Please set down only the lines from the one containing "Chính sách kinh" through the end of the entries below, exactly, minus any pictures.
(Task material begins)
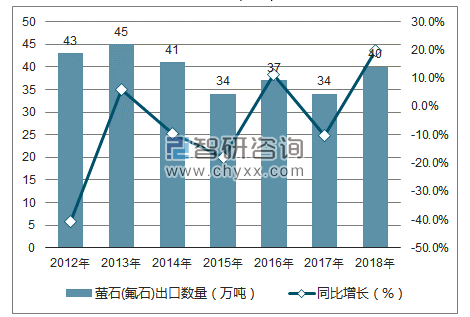 2012-2018年中国萤石(氟石)出口数量统计图
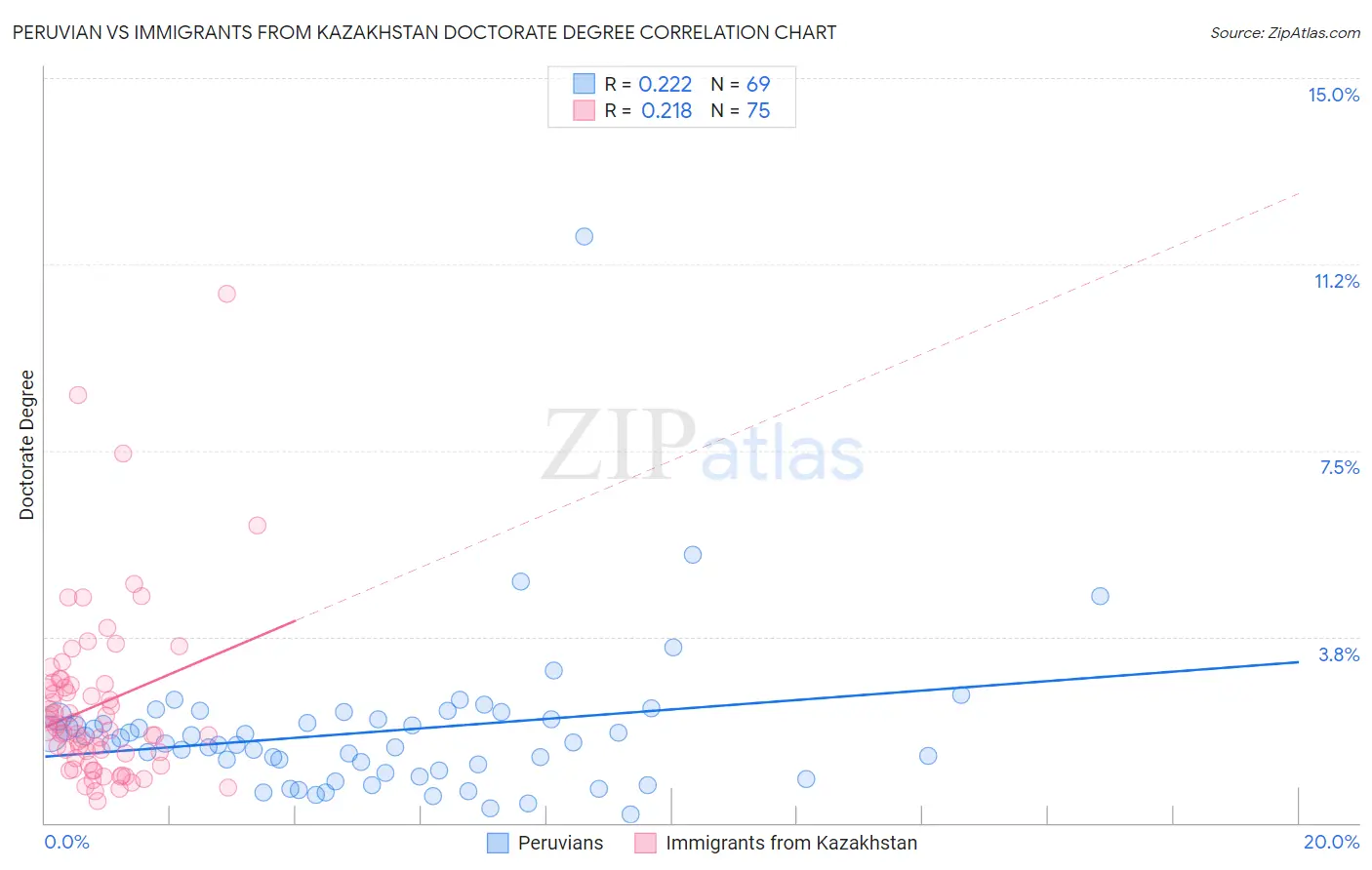 Peruvian vs Immigrants from Kazakhstan Doctorate Degree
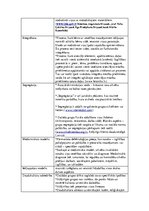 Prakses atskaite 'Iekļaujošā izglītība daudzkultūru sabiedrībā - glosārijs', 2.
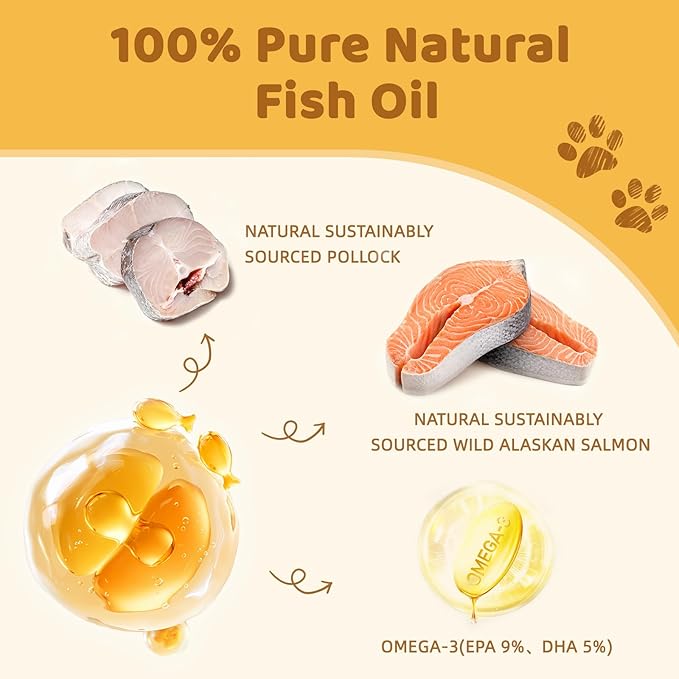 Fish Oil Omega 3 for Dogs - Salmon & Pollock Oil for Dog and Cat - Defense Liquid Supplement for Skin, Coat Brain, Hip, Joint and Heart Health - Omega Oil for Pet(16OZ)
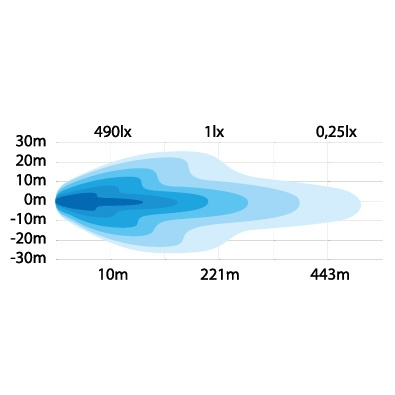 Strands Side Shooter LEDramp 4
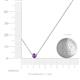 3 - Merilyn 3.40 mm Round Amethyst Bezel Set Solitaire Pendant 
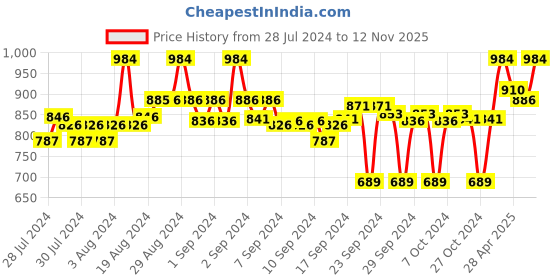 ajio.com clora creation Pack of 2 Printed Palazzos clora creation Price History Graph from 28 Jul 2024 to 12 Nov 2025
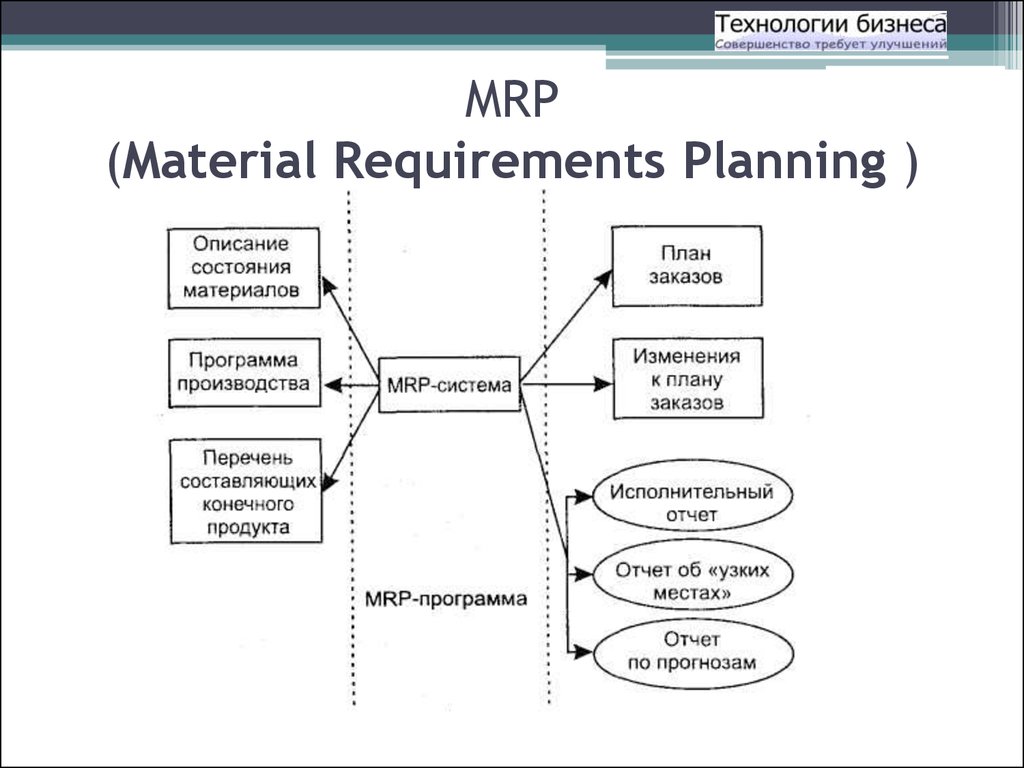 Структурная схема mrp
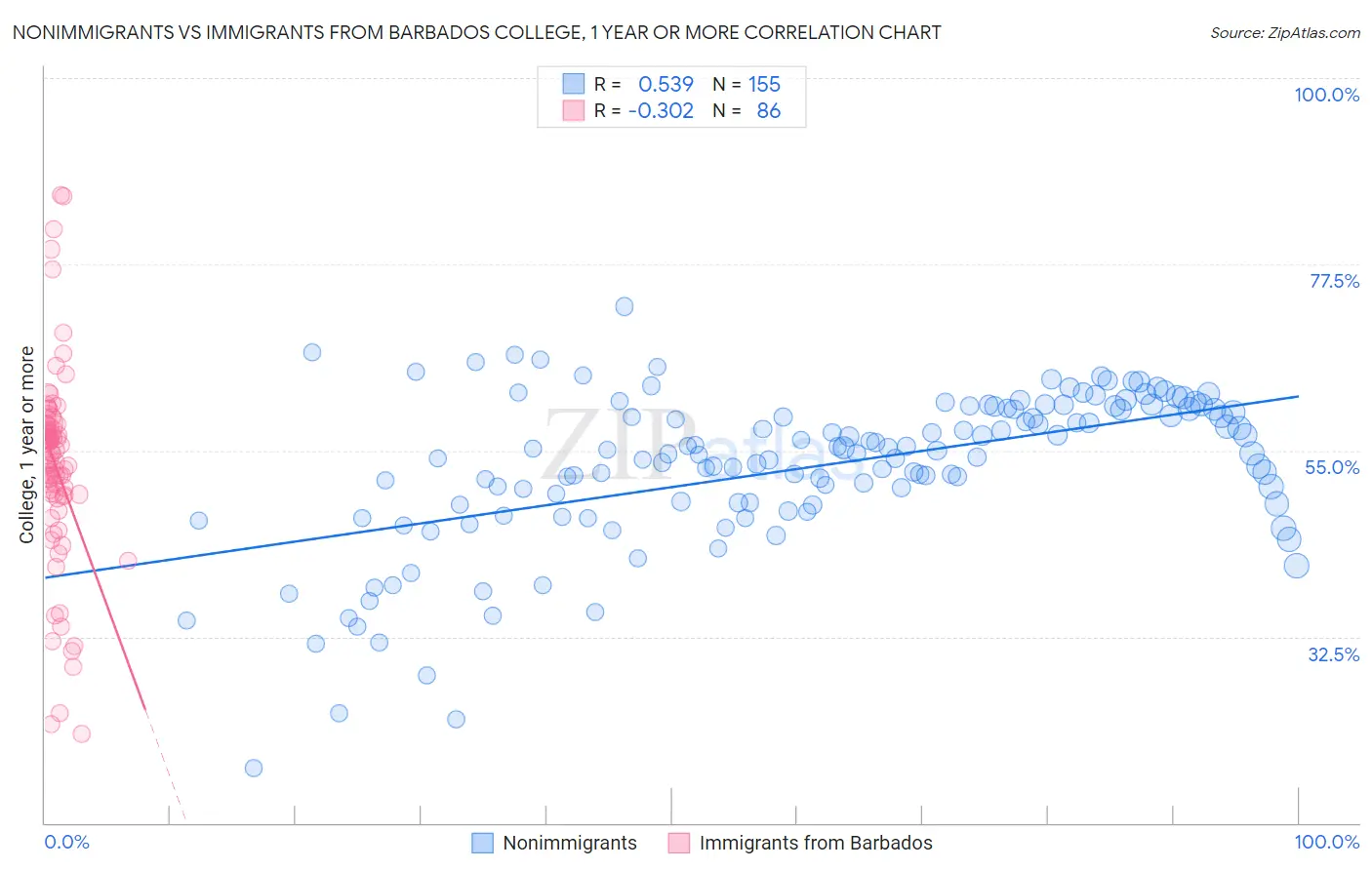 Nonimmigrants vs Immigrants from Barbados College, 1 year or more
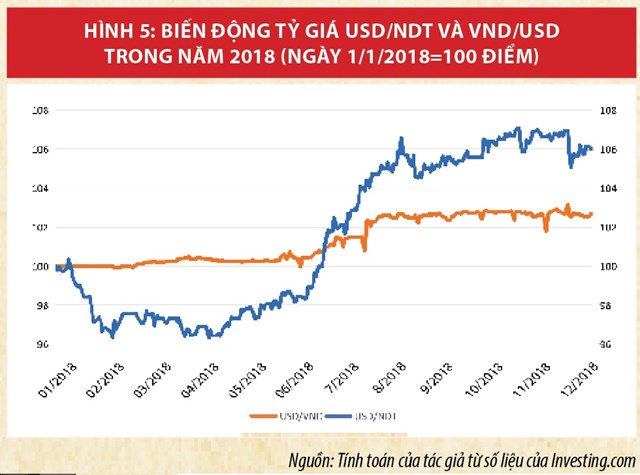 Chính sách kinh tế - tài chính của MỸ và Trung Quốc:  Những tác động đến thế giới và Việt Nam - Ảnh 5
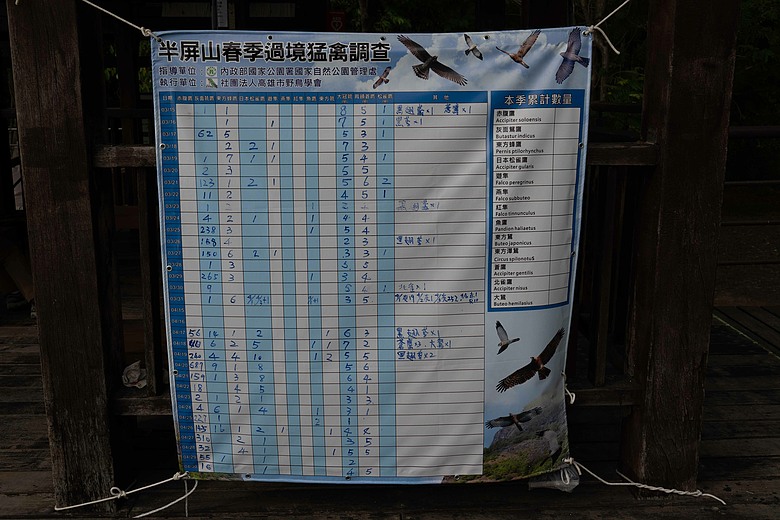 爬山看護國神山(一)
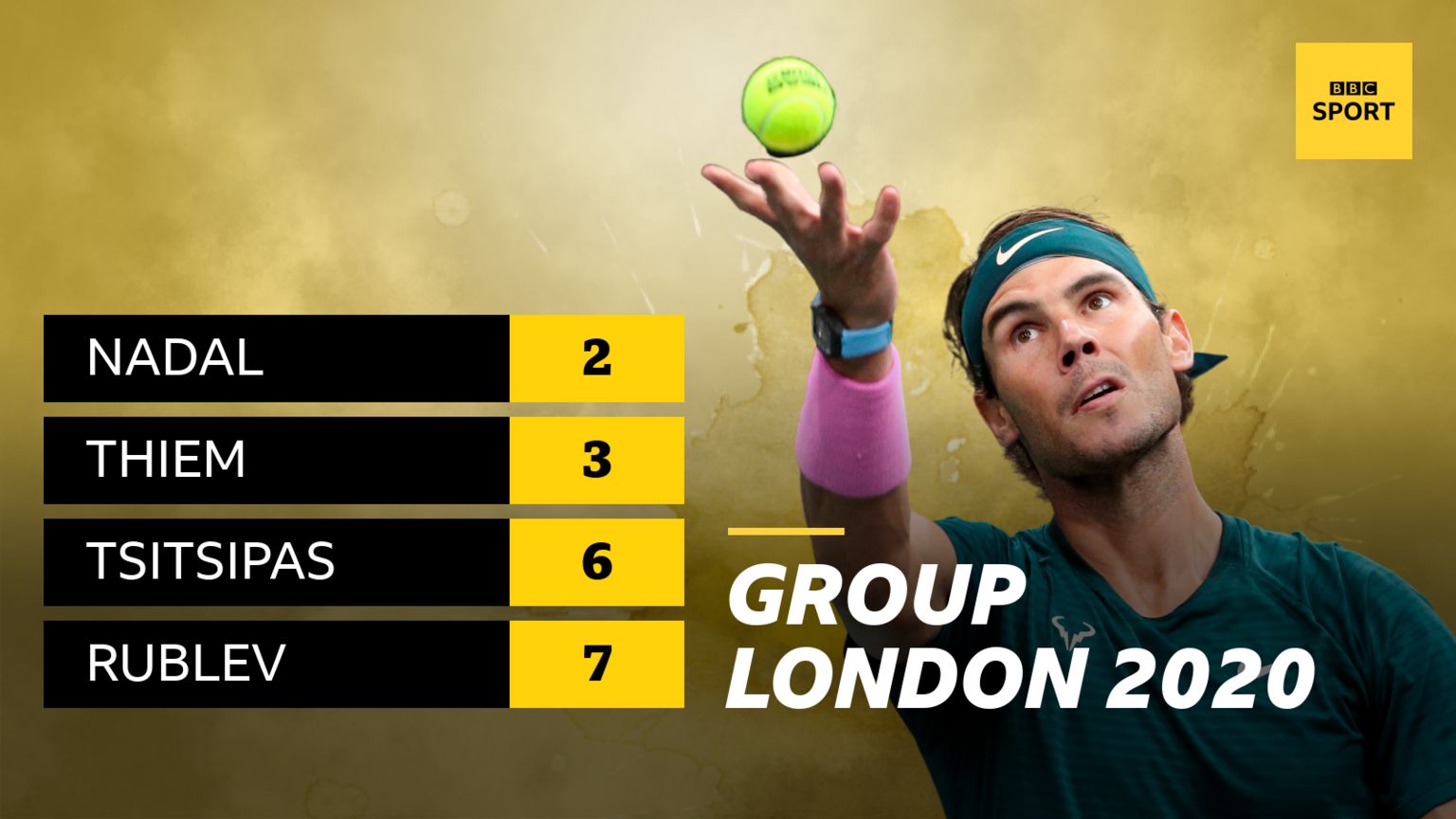 Rafael Nadal is seeded second, Dominic Thiem is seeded third, Stefanos Tsitsipas is seeded sixth and Andrey Rublev is seeded seventh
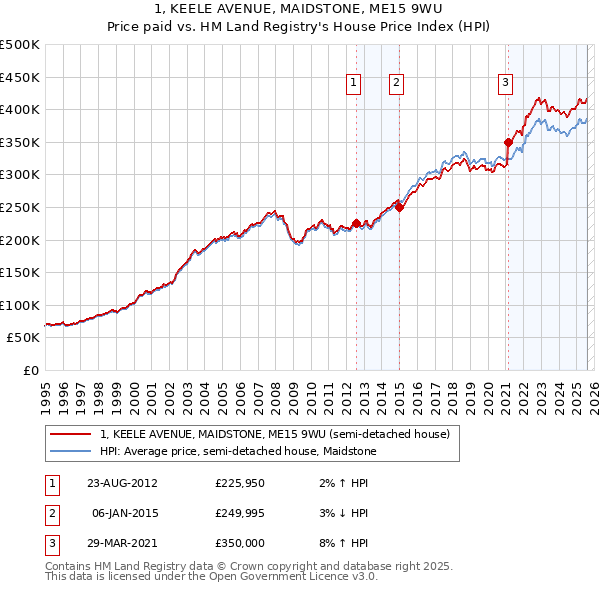 1, KEELE AVENUE, MAIDSTONE, ME15 9WU: Price paid vs HM Land Registry's House Price Index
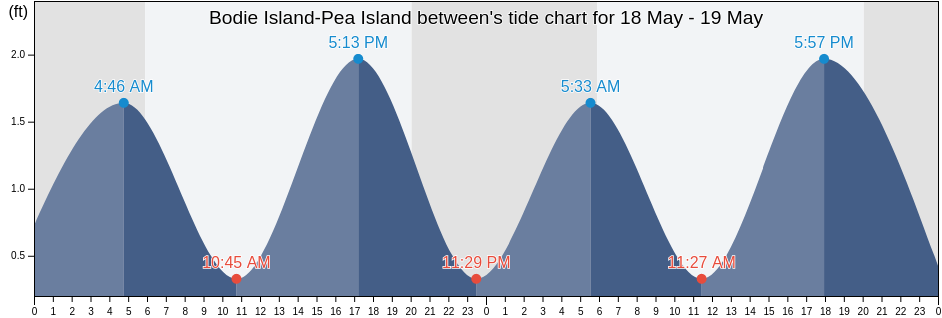 Bodie Island-Pea Island between, Dare County, North Carolina, United States tide chart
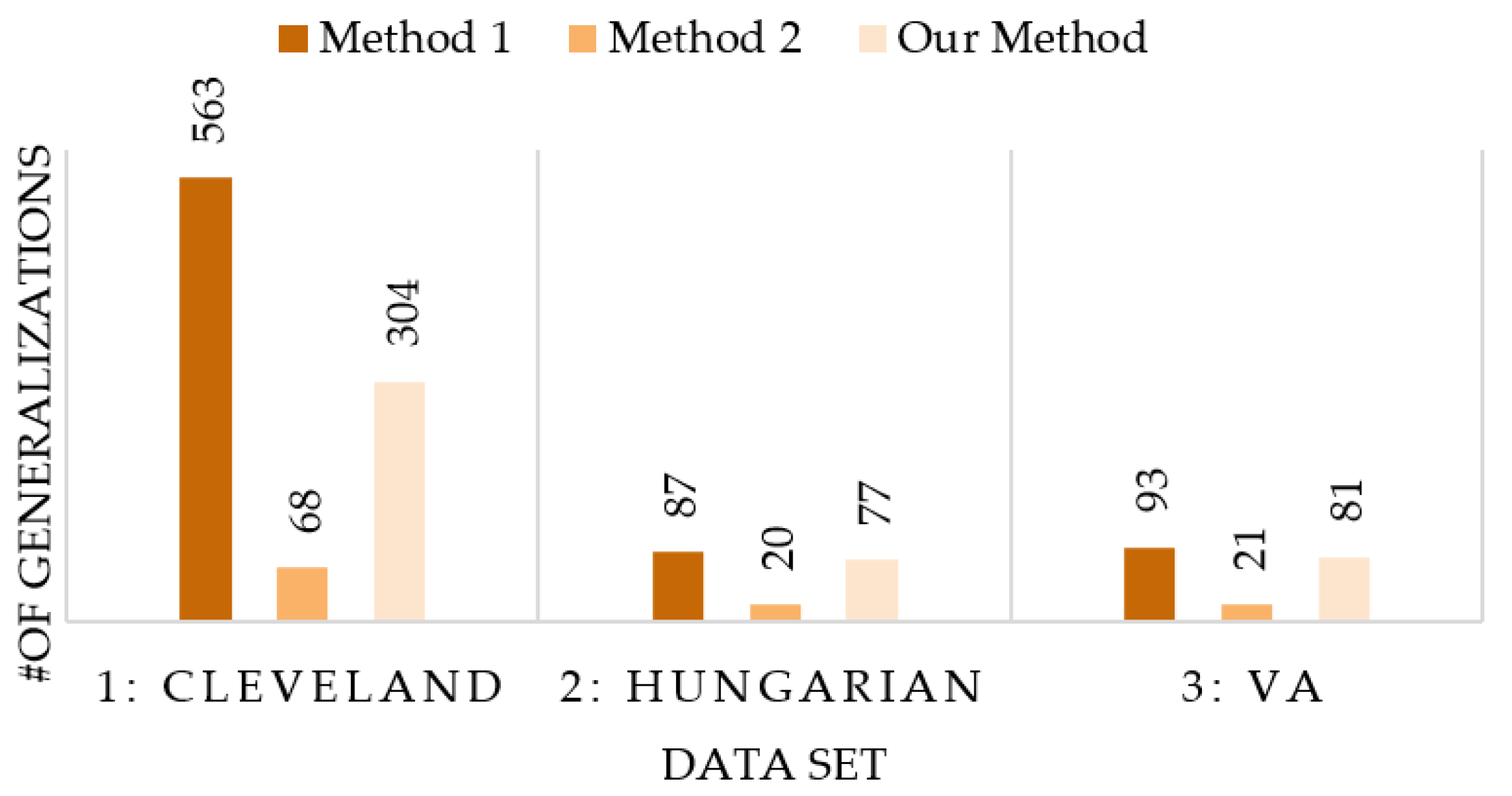 Futureinternet 13 00274 g008 550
(Task material ends)
(Solution for this exercise):
 Chính sách kinh tế - tài chính của MỸ và Trung Quốc:  Những tác động đến thế giới và Việt Nam - Ảnh 5
 爬山看護國神山(一)
 Rafael Nadal is seeded second, Dominic Thiem is seeded third, Stefanos Tsitsipas is seeded sixth and Andrey Rublev is seeded seventh
 1, KEELE AVENUE, MAIDSTONE, ME15 9WU: Price paid vs HM Land Registry's House Price Index
 Bodie Island-Pea Island between, Dare County, North Carolina, United States tide chart
 Futureinternet 13 00274 g008 550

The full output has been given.